Segment Open

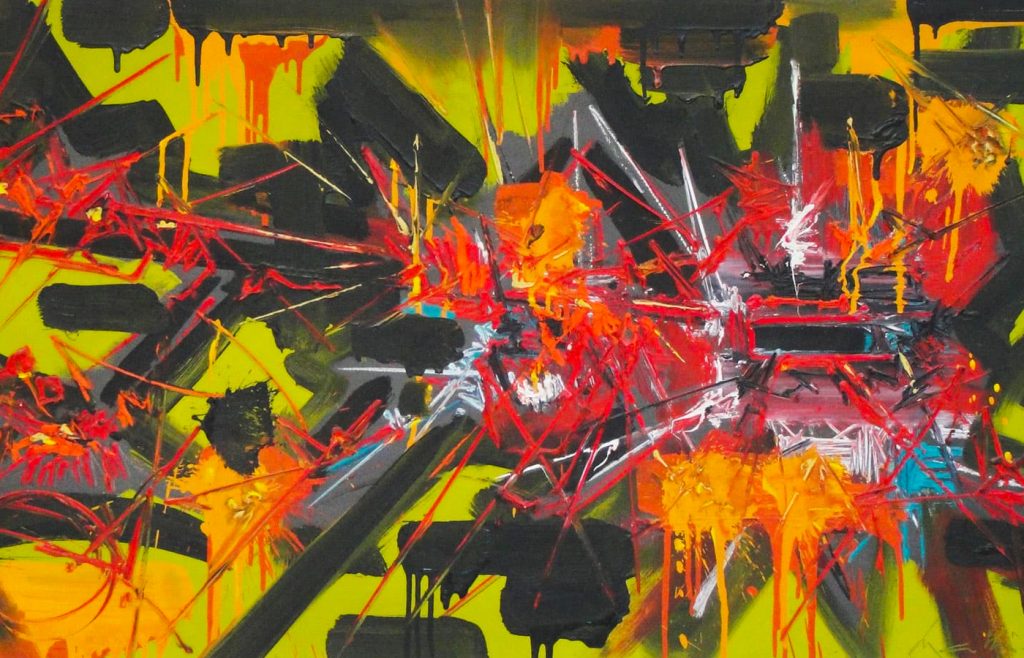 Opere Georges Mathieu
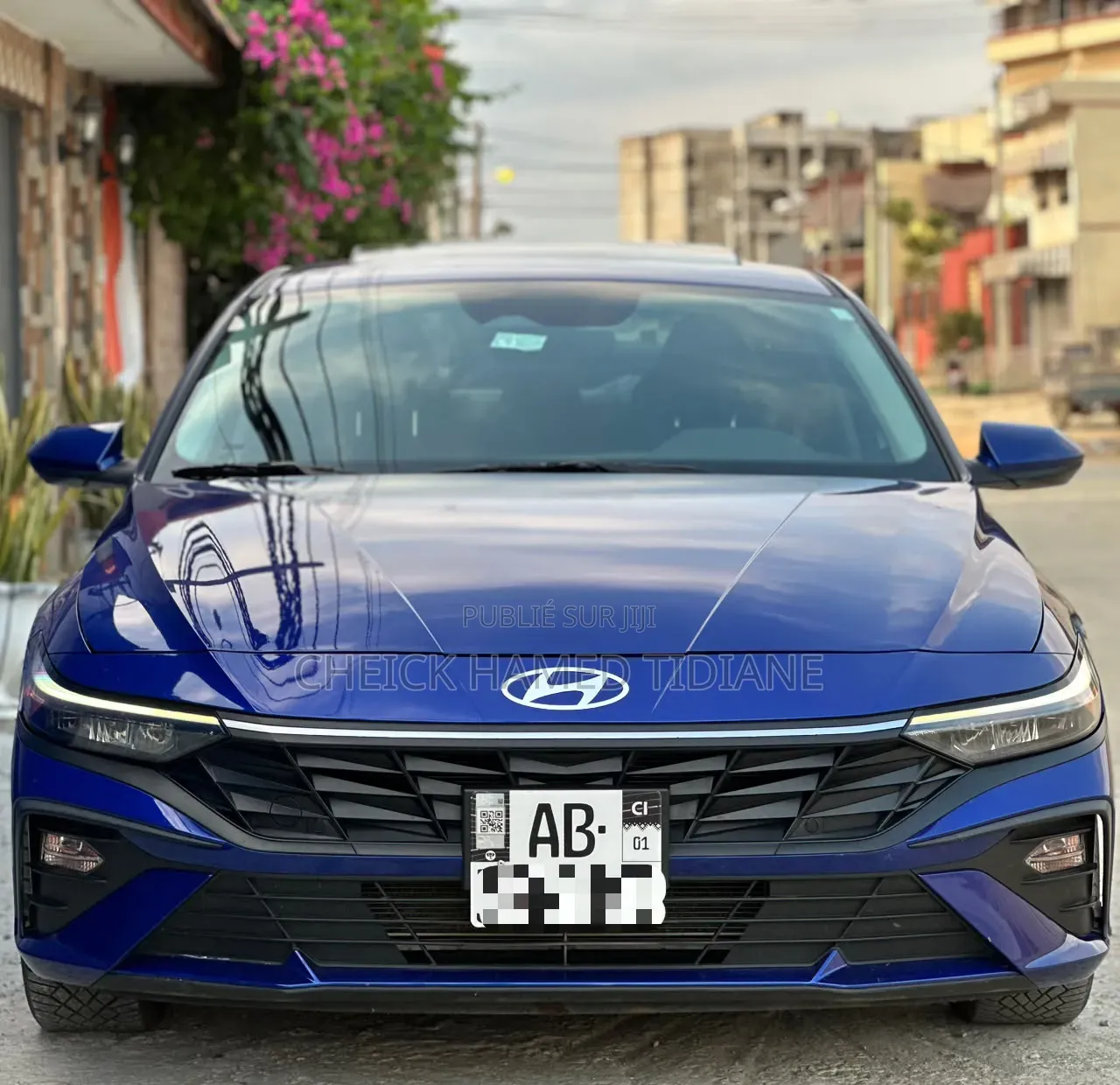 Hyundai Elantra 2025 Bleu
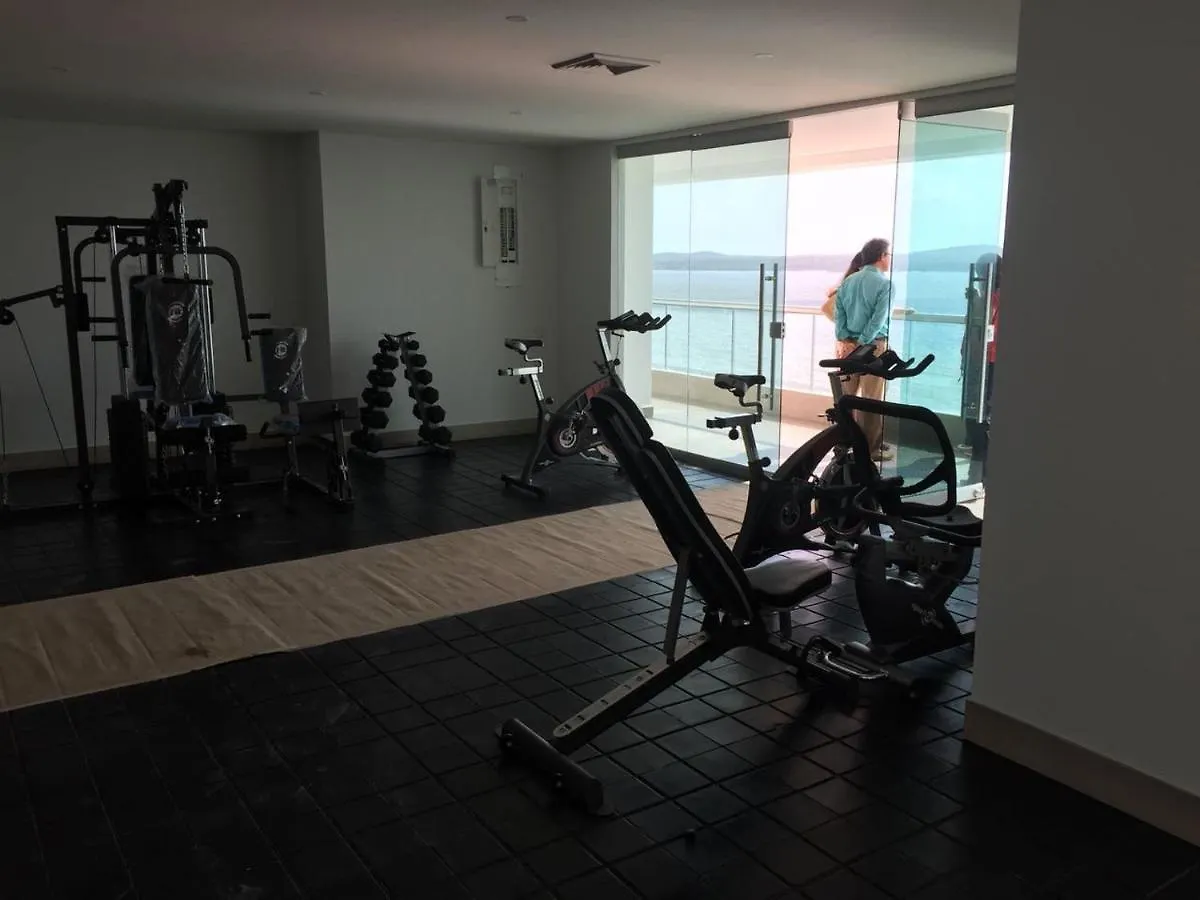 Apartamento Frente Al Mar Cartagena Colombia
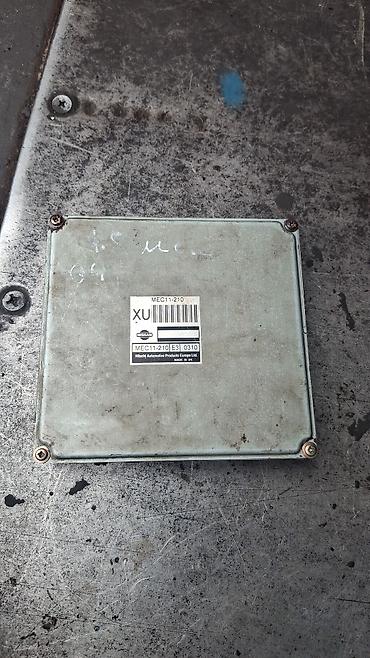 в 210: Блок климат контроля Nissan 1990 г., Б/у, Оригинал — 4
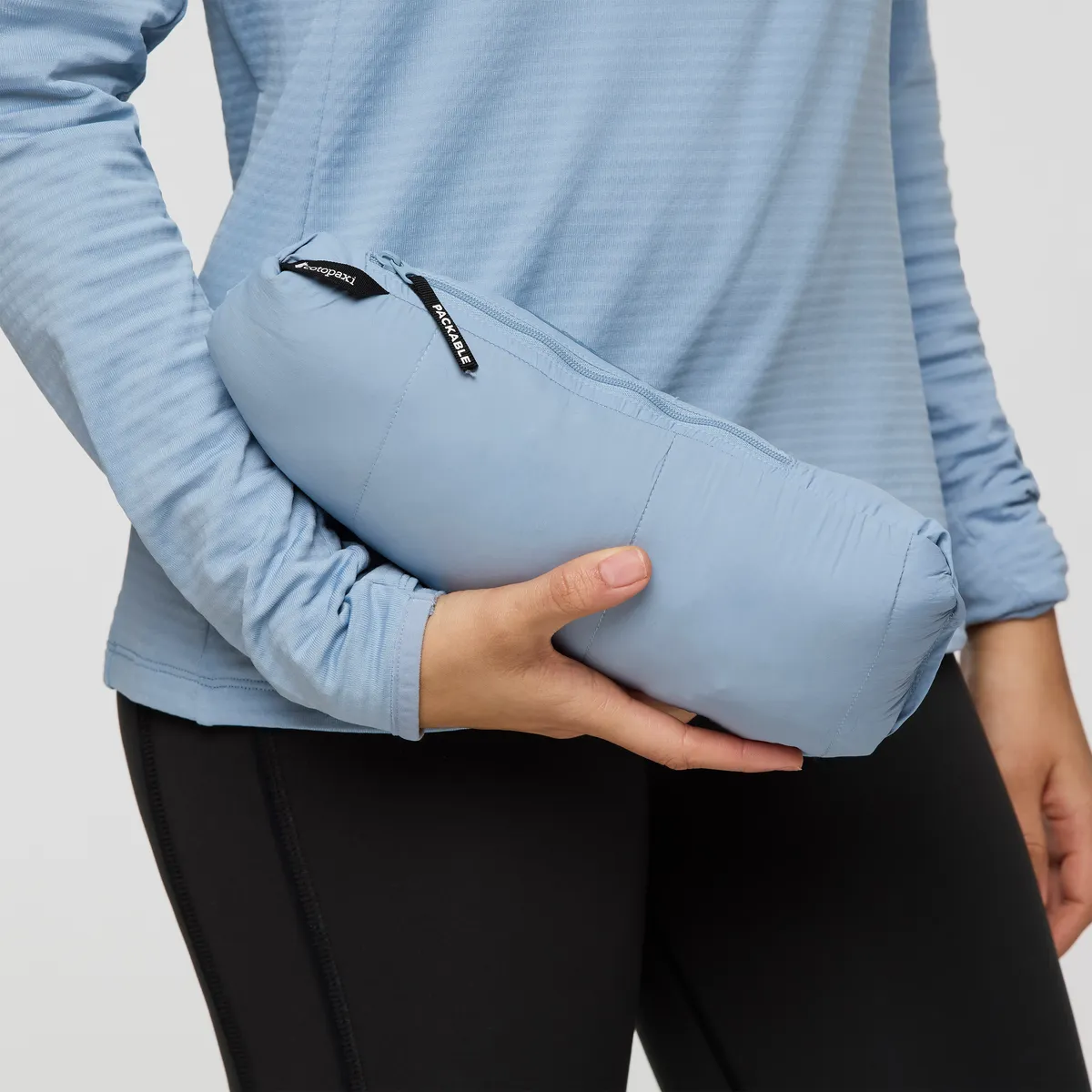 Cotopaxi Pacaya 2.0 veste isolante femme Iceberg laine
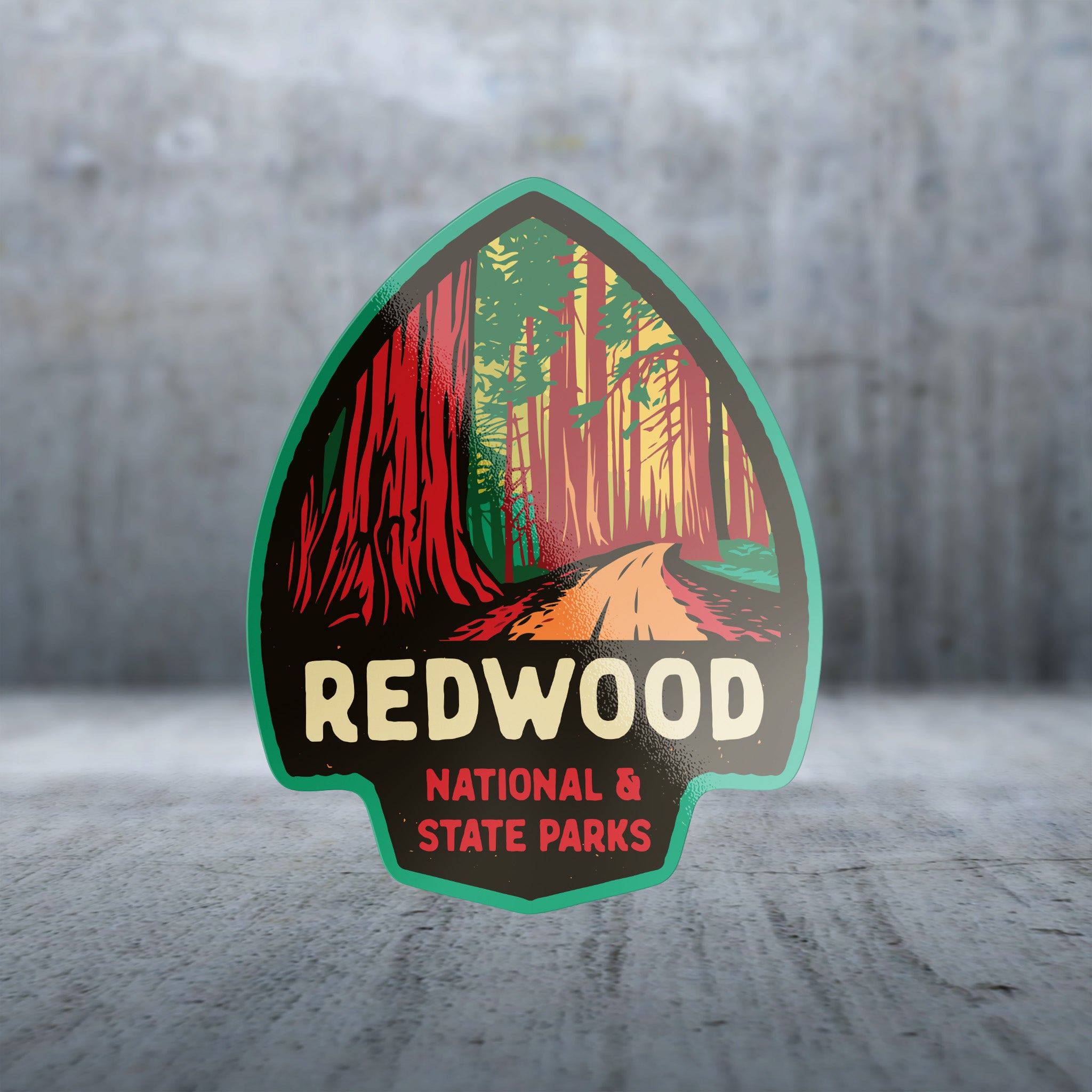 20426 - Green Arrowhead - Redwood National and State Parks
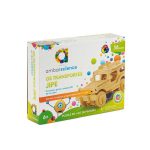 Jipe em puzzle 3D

Segment Closed

• PROBLEM TO SOLVE:
Give back, exactly and with nothing added, the lines from the line with "20426 - Green" through the final line of the data, both included; leave pictures out.

• ANSWER:
 20426 - Green Arrowhead - Redwood National and State Parks
 Jipe em puzzle 3D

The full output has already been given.